Questions to Address In Rebuttal
- The Tunable-bit Multiplier (TBM) is a central component. Can you precisely articulate its novel aspects compared to the variable-precision and mixed-precision datapaths that have been extensively studied in the AI and DSP accelerator domains?
- The performance benefit of FAST seems inextricably linked to its use of the superior KLSS algorithm. To isolate the novelty of the architecture, what is the performance of FAST compared to a baseline accelerator that also supports KLSS, but is perhaps architected differently (e.g., with a fixed-precision datapath)? This is necessary to prove that the architectural choices in FAST, and not just the algorithm, are the source of the benefit.

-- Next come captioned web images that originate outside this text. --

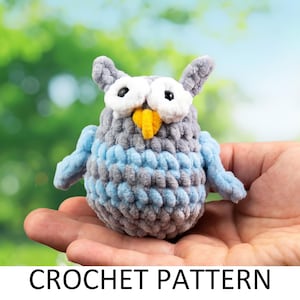 Patrón de búho a crochet. Peluche fácil de coser. Pájaro de peluche en miniatura. Animal de peluche a crochet.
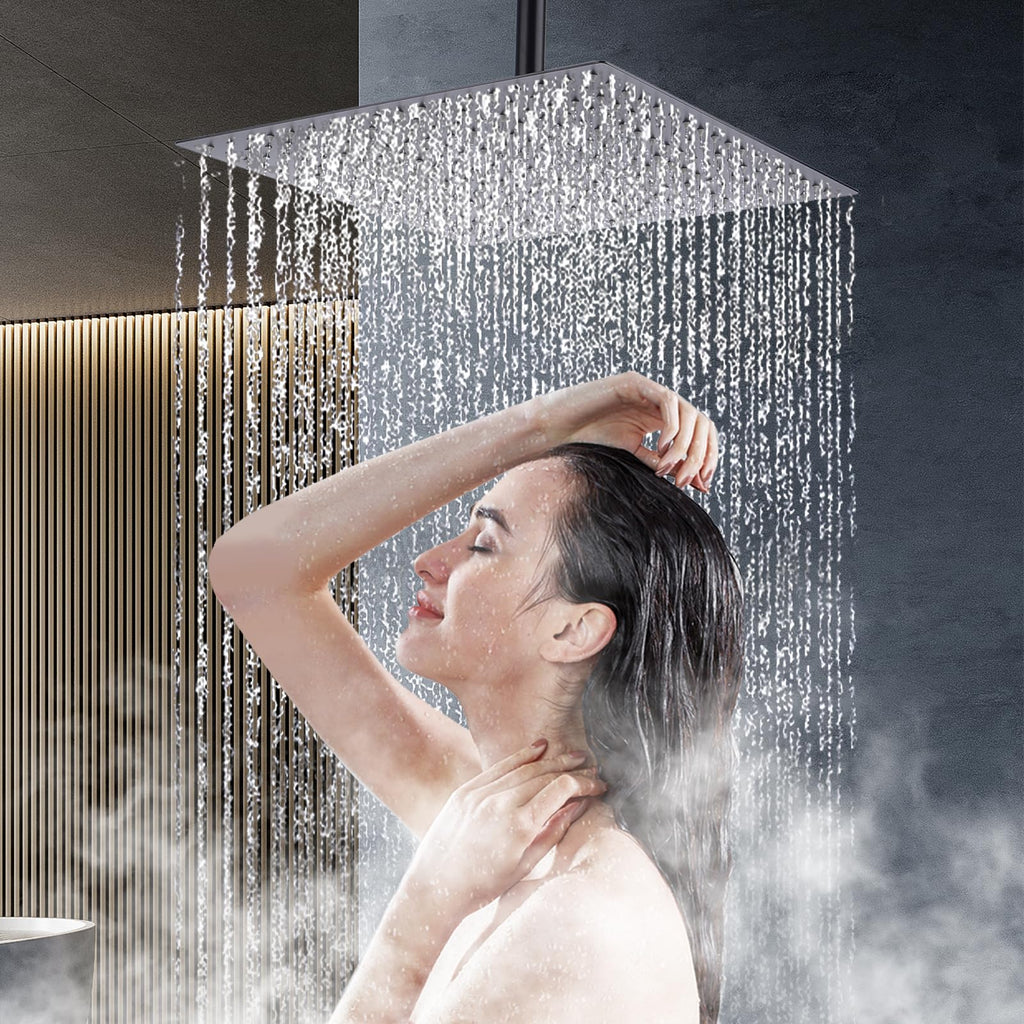 Shower Head,16 Inch Ultra Thin High Pressure Fixed Rain Showerhead Matte Black with Silicone Nozzle - Adjustable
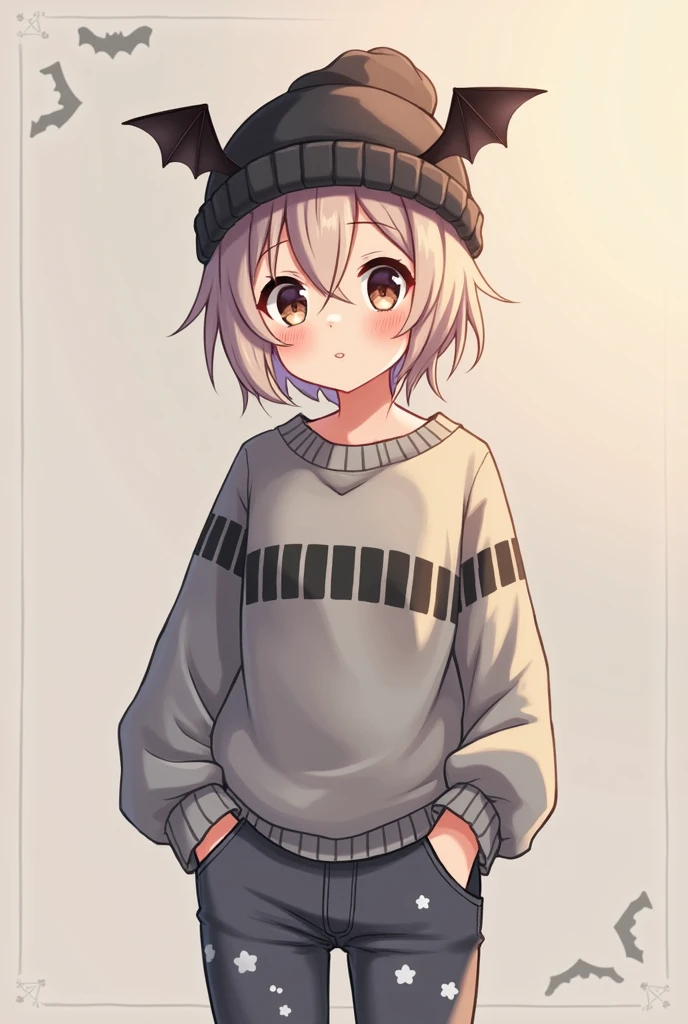 anime girl, wearing a gray sweater with black stripes, is tuna, wool hat with mini bat wings, grey jeans with star pattern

- Beyond supporting specific known optimizations like hoisting, what is the fundamental, generalizable architectural principle in FAST that you believe is novel? If a new FHE optimization were to be invented tomorrow, why would the FAST architecture be inherently better at adapting to it than prior designs?
- Is the novelty of the FAST scheduler (Section 5.3, Page 7) in its ability to handle the specific data dependencies of hoisting, or does it represent a more general, novel approach to scheduling dataflow computations that could be applied to other application domains?